There are some minor electrical issues, wiring issues and rattles and clunks, but overall I am really happy with the truck.  Hopefully once I can get it to idle I can start to tackle a few of the other issues and get it up and running.

 

 

Steering side to side looseness is an adding up of all the ball joint looseness, idler arm and gear box wear times the steering box ratio (about 20 to 1) So if all the wear added to 1/8", the steering wheel would move 20X that or 2 1/2". It adds up fast.

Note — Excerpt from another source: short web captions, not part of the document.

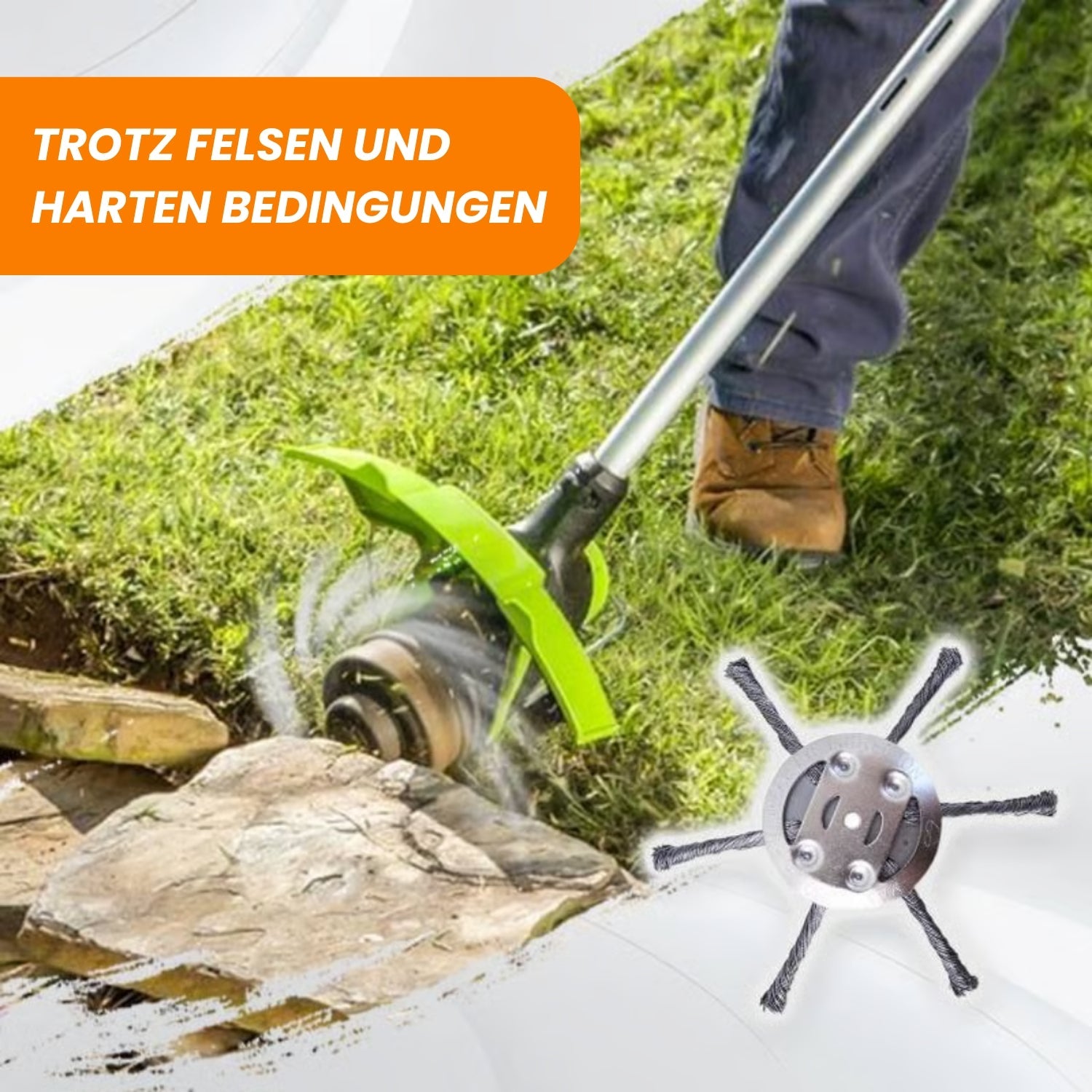 WeedBuster Pro: Efficient Garden Trimmer Head
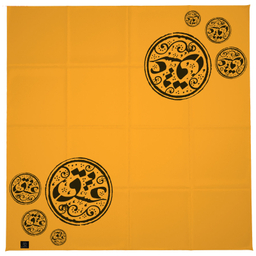 روسری زنانه 27 مدل عشق کد V01 زرد خردلی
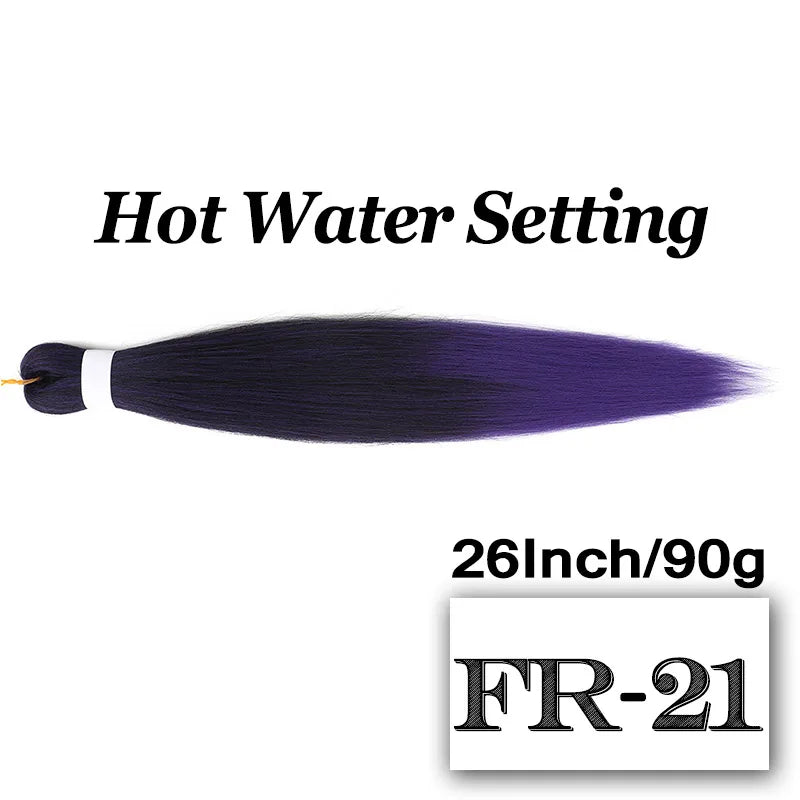 Braiding Hair Pre-stretched 26 Inch Hair Extensions for Afro Crochet Braids Synthetic Hair DIY Purple Pink Peach Red Jumbo Braid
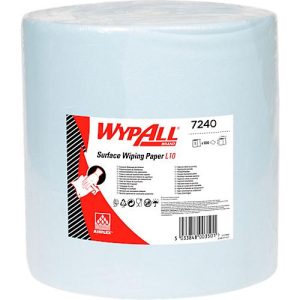 WYPALL* Wischtuch L-10 EXTRA + Großrolle, aus Airflexmaterial, 1000 Tücher, 1-lagig, blau WYPALL* Wischtuch L-10 EXTRA + Großrolle, aus Airflexmaterial, 1000 Tücher, 1-lagig, blau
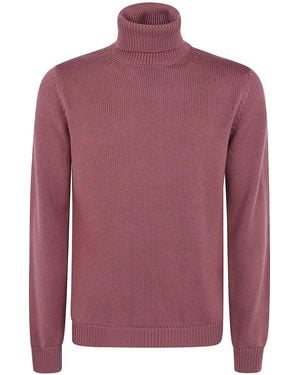 Nuur Long Sleeves Turtle Neck Jumper - Red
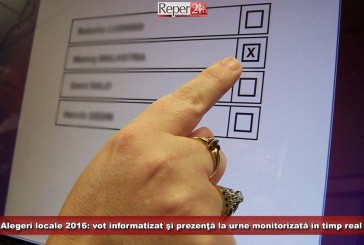 Alegeri locale 2016: vot informatizat şi prezenţă la urne monitorizată în timp real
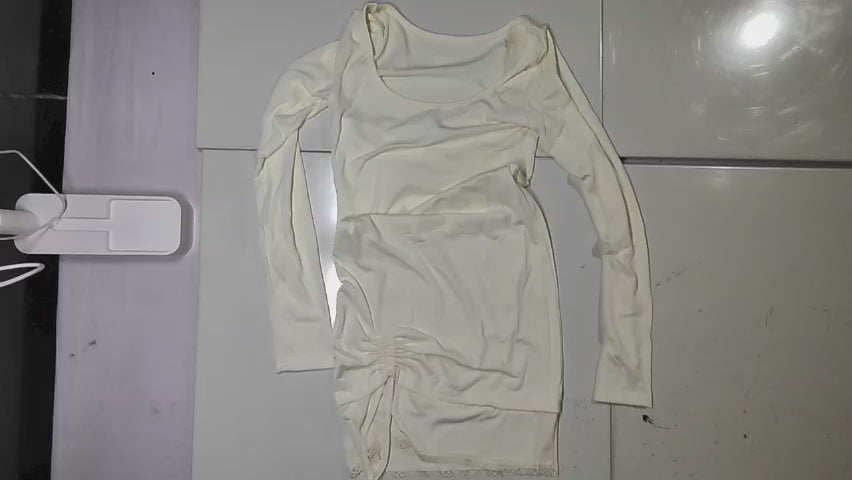 [708]MS Women's Pure Temptation Style Strapless Dress, Spring and Autumn, Slimming, Inner Layer, Mock Two-Piece, Bodycon Short Dress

Inspect and replace any worn steering ball joints. The idler arm is another place to look. The steering box has an adjustment bolt but if the wear is in the straight ahead position, and you tighten it up it might easily be way to tight at the far left and right and jam when turning.

 

Valve cover gaskets are affordable and easy enough to change.

 

Check hoses individually and replace cracked ones. Often removal add problems and it runs just fine when everything is working.

 

Dim headlights and fast idle.  These could easily be related.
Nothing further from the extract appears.